◆ **WHAT IS EXPECTED**: Output the lines from the top of the entries below to the line with "HANDSTAND GAME (Gymnastics/Fitness/Kids)'", both included, exactly and without pictures.

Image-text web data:
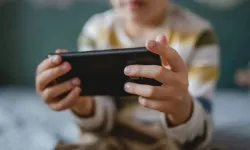 DMM'den 'sosyal medyada yaş düzenlemesi' uyarısı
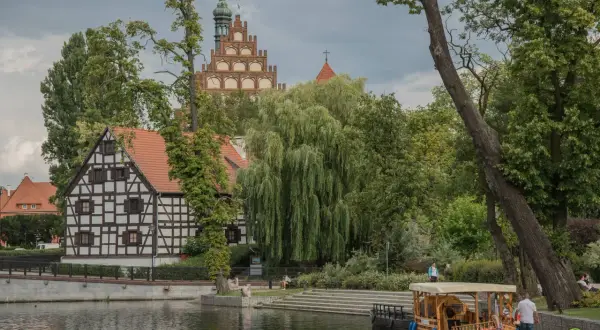 Bydgoszcz oferuje nietypowe atrakcje: zabytkowa kamieniczka, wierzby nad Brdą i łódź spacerowa.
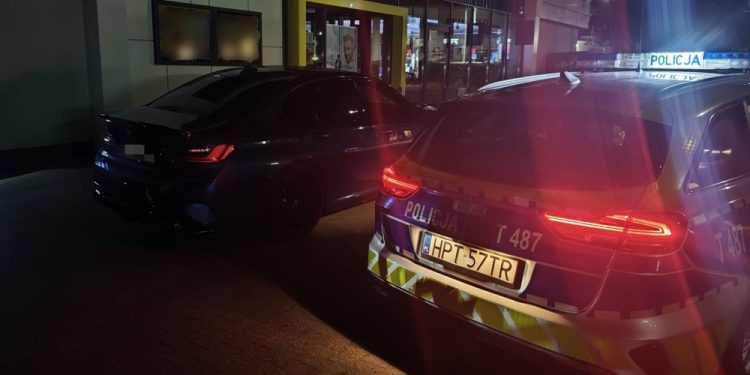21-letni kierowca BMW słono zapłacił za "driftowanie" 1 zdj. KPP w Węgorzewie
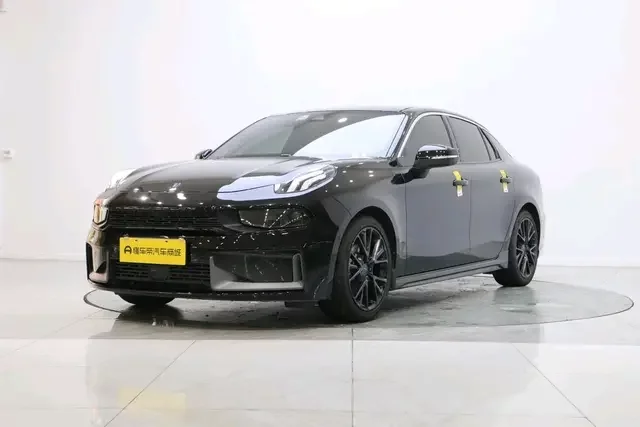Lynk & Co 03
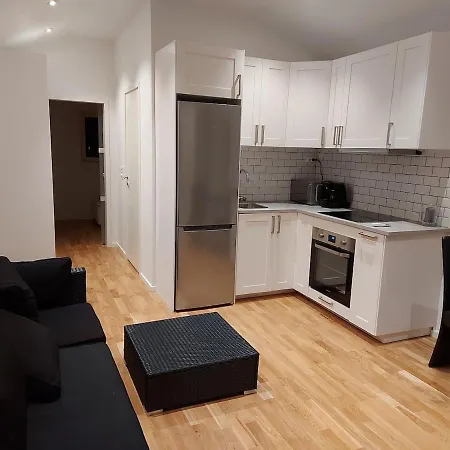 Very Comfortable Tiny House Close To Froelunda Shopping And 아파트 *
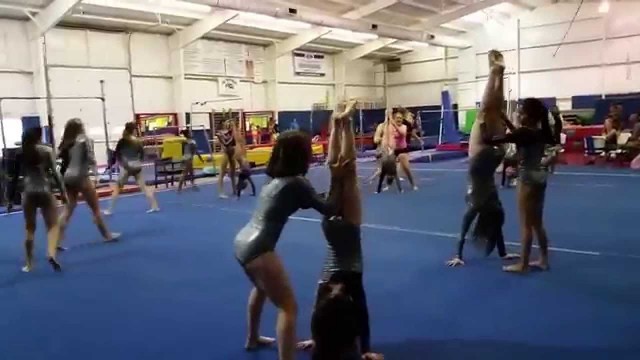 'THE HANDSTAND GAME (Gymnastics/Fitness/Kids)'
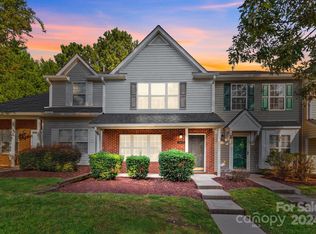 3012 Mayer House Ct, Charlotte, NC 28214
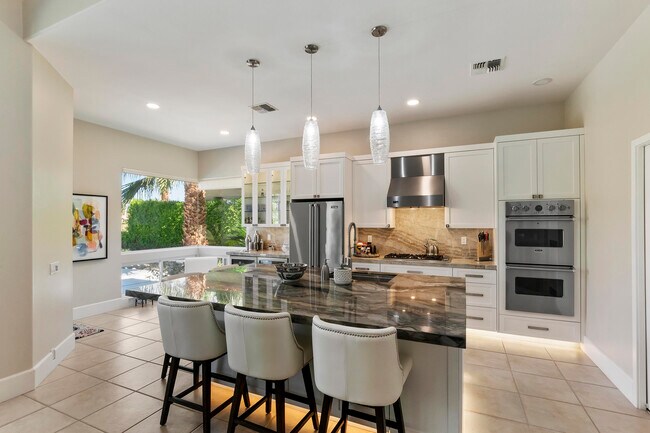 Building Photo - 78688 Cabrillo Way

◆ **YOUR SOLUTION**:
 DMM'den 'sosyal medyada yaş düzenlemesi' uyarısı
 Bydgoszcz oferuje nietypowe atrakcje: zabytkowa kamieniczka, wierzby nad Brdą i łódź spacerowa.
21-letni kierowca BMW słono zapłacił za "driftowanie" 1 zdj. KPP w Węgorzewie
Lynk & Co 03
 Very Comfortable Tiny House Close To Froelunda Shopping And 아파트 *
 'THE HANDSTAND GAME (Gymnastics/Fitness/Kids)'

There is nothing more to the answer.